Mutterings around the market suggest the profit upgrades announced by the likes of Computershare, Flight Centre and Collection House last week will soon be outnumbered by more subdued profit announcements from a larger group of industrial companies.

Many companies delivered solid performances in the December 2008 half-year - it was the financial sector that came crashing down in October, while the real economy soldiered on. So while the current half year should show improvement on the June half in most cases, the year-on-year comparison may not be as favourable.
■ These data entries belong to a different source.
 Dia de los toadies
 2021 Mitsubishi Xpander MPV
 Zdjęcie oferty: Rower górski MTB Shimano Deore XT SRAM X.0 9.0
Throw higher borrowing margins and currency challenges into the mix, and the looming results season may yet give rise to a pegging back of expectations.

CAPRAL ON MEND

The first tangible evidence of a turnaround at Capral, the much maligned aluminium extrusions manufacturer, emerged last week with the publication of profit guidance for the December half.

For the first time in more than five years Capral looks set to record an operating profit, with EBITDA tipped to be between $6 million and $7 million. This compares with an $8 million loss in the June half.

And analysts from Southern Cross Equities are expecting more improvement. Increased demand from the construction sector, which accounts for 60 per cent of Capral's sales, together with substantial cost savings extracted by the new managing director, Phil Jobe, and the imposition of dumping duties on a range of Chinese imports will all play a part.

According to Southern Cross, EBITDA could be as much as $35 million this calendar year.